### WORK TO BE COMPLETED
From the line that contains "Foto 3 - Villa a Schiera Via Stazione" down to the last line of the data below, transcribe every line exactly.

### THE RECORDS

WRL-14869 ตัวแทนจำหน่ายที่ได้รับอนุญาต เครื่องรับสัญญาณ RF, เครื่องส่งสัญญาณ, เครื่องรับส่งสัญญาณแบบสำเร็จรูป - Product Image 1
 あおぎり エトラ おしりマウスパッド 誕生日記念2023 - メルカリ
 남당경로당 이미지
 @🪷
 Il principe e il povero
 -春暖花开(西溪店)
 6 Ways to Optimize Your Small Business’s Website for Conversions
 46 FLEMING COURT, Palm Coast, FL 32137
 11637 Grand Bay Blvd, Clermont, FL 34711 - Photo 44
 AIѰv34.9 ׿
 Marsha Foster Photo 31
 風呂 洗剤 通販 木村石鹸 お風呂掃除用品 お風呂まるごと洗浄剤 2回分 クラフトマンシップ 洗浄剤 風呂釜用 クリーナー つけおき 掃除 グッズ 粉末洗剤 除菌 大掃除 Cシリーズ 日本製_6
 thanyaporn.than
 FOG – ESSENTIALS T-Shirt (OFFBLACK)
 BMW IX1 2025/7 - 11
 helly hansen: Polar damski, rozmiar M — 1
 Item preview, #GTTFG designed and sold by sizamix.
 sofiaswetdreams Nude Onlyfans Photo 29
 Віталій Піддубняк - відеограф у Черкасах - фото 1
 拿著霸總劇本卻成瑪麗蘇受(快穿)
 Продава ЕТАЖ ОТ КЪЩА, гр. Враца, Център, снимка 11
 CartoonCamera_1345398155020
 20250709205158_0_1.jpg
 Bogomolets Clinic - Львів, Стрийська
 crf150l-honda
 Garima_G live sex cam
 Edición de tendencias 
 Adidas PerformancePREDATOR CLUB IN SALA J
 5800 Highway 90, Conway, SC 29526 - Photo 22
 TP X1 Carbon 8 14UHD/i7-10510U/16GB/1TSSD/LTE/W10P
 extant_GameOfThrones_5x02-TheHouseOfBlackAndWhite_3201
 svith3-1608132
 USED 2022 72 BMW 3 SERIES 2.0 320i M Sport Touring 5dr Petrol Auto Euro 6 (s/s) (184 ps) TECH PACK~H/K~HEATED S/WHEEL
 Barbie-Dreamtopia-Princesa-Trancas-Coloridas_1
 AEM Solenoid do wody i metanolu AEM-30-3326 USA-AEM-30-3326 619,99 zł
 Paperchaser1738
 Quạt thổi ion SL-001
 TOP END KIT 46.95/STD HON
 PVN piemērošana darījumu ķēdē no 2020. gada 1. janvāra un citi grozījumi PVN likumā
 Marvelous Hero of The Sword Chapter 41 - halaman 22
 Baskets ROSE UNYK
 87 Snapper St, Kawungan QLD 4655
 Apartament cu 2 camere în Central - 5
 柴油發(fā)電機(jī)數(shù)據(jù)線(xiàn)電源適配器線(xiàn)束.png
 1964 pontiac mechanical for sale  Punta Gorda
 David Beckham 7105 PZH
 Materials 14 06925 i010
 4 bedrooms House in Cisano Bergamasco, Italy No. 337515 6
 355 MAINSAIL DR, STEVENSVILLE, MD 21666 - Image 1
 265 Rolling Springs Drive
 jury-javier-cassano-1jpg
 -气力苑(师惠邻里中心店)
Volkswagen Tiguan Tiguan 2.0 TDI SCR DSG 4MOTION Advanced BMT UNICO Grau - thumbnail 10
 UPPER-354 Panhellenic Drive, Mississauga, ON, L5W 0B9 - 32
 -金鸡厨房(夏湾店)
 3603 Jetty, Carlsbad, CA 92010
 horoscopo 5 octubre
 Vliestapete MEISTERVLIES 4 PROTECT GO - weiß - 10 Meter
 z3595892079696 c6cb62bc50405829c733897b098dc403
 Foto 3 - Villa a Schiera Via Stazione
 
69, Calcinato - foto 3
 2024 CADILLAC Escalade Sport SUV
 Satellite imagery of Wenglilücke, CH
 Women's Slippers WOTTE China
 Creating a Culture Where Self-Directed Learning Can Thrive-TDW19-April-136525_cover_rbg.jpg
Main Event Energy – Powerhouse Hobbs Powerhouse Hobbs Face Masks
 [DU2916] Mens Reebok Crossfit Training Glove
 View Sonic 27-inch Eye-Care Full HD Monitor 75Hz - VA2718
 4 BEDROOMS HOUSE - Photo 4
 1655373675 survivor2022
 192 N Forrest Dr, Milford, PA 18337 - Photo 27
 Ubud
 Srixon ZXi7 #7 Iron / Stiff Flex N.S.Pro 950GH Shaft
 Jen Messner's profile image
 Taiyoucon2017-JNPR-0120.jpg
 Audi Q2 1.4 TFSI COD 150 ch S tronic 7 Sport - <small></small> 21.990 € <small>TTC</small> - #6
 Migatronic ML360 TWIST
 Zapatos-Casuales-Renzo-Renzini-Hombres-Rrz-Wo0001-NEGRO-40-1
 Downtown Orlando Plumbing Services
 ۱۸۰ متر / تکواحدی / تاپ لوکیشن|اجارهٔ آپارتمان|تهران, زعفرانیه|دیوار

### SOLUTION FOR THIS TASK
 Foto 3 - Villa a Schiera Via Stazione
 
69, Calcinato - foto 3
 2024 CADILLAC Escalade Sport SUV
 Satellite imagery of Wenglilücke, CH
 Women's Slippers WOTTE China
 Creating a Culture Where Self-Directed Learning Can Thrive-TDW19-April-136525_cover_rbg.jpg
Main Event Energy – Powerhouse Hobbs Powerhouse Hobbs Face Masks
 [DU2916] Mens Reebok Crossfit Training Glove
 View Sonic 27-inch Eye-Care Full HD Monitor 75Hz - VA2718
 4 BEDROOMS HOUSE - Photo 4
 1655373675 survivor2022
 192 N Forrest Dr, Milford, PA 18337 - Photo 27
 Ubud
 Srixon ZXi7 #7 Iron / Stiff Flex N.S.Pro 950GH Shaft
 Jen Messner's profile image
 Taiyoucon2017-JNPR-0120.jpg
 Audi Q2 1.4 TFSI COD 150 ch S tronic 7 Sport - <small></small> 21.990 € <small>TTC</small> - #6
 Migatronic ML360 TWIST
 Zapatos-Casuales-Renzo-Renzini-Hombres-Rrz-Wo0001-NEGRO-40-1
 Downtown Orlando Plumbing Services
 ۱۸۰ متر / تکواحدی / تاپ لوکیشن|اجارهٔ آپارتمان|تهران, زعفرانیه|دیوار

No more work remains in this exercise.